Not too far ago the finishing of Huayhuash Circuit and the logistics in that region were quite esoteric subject. Alleged dangers (some cases of robbery on tourists), “Shining Path” guerillas activity and competitive Alpamayo Circuit caused that few tourists have been exploring this area. Not many people have paid attention that touching story of Joe Simpson from popular movie “Touching a void” happened exactly there.
Going to Peru in 2015 we didn’t take this localisation under consideration too. Picturesque Alpamayo tempted much stronger but its popularity and crowds on the trail got us to reconsider our plans. That is how we started to think about Huayhuash Circuit.
This trekking leads through altitudes between 3000-5000 and makes a kind of loop around a gorgeous mountain chain. These mountains are situated in tropical climate so despite the fact of high altitude the trekking is free of snowfields and glaciers. Slender shaped peaks (i.e. Yerupaja, Siula, Jirishanca), emerald lakes and juicy-green pampa make constant jaw-dropping views for your eyes.

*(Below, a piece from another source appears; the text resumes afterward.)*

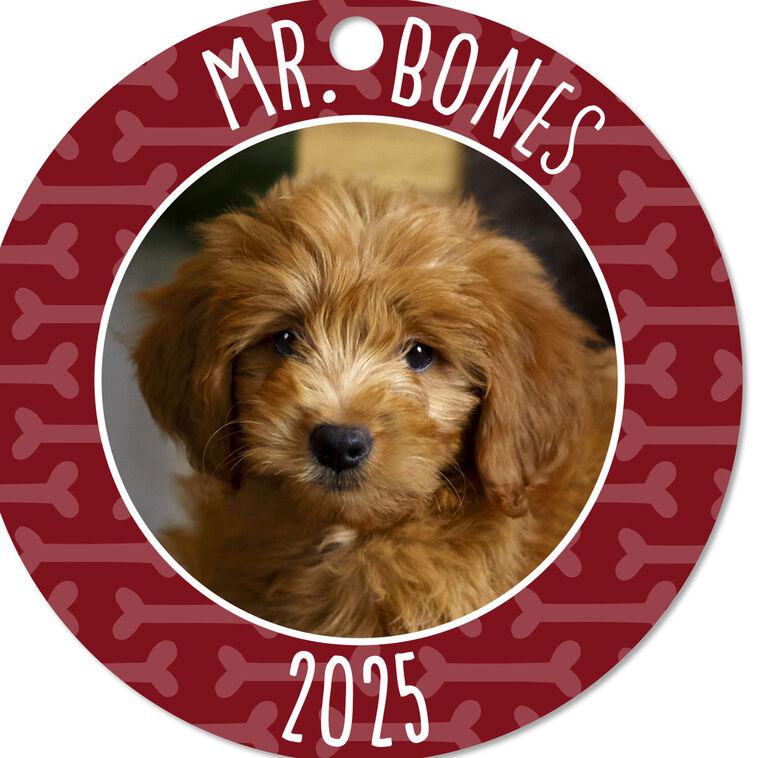Hallmark Pet Round Metal Personalized Ornament Custom Photo And Text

Is Huayhuash Circuit wild?
After collecting information from The Internet, it has appeared that it is not as wild and remote as we supposed before. A lot of commercial agencies provides services in the region and they offer guides, mules and horses, tents, cook service and so on. Even transporting a living hen in a cartoon box for preparing a soup for tired gringo is nothing extraordinary. Groups of loudly breathing hikers carrying quite light backpacks follow ruthlessly fast locals :p We don’t remember the exact cost of that circus but it was ridiculously high.
Traditionally we chose self-dependence. Carrying big bags and being ready to spent up to 10 days in the mountain we appeared in a tiny village Llamac. The first part of the trip – the way to lake Jahuacocha is popular among 1-2 days visitors and it is hard to find some solitude there. Campsite is often occupied by plenty of tents, and hosts of the place offer a grilled trout and beer.
Along the way we met an Argentinian guide with his client. After unsuccessful guessing our nationality and final info that we are from Poland he hit his forehead and told: “I should have guessed. Only Polish people are tough enough to do the whole circuit independently and carry everything on their back! I’m sure you have a bottle of vodka too. I knew your famous Himalayan mountaineer Wanda Rutkiewicz and she always had a bottle with her :)” Damn it, we hadn’t…
We were well acclimatized so the night’s rest brought enough regeneration to smoothly continue our trip. Later we met less and less tourists who mostly were members of organised groups. Navigation and sense of direction didn’t make any problems and the only doubts aroused rather because of surplus of tracks (often made by cattle) than their lack. We can’t call these mountains teeming but it is not a wilderness comparable with some places in the USA or Canada.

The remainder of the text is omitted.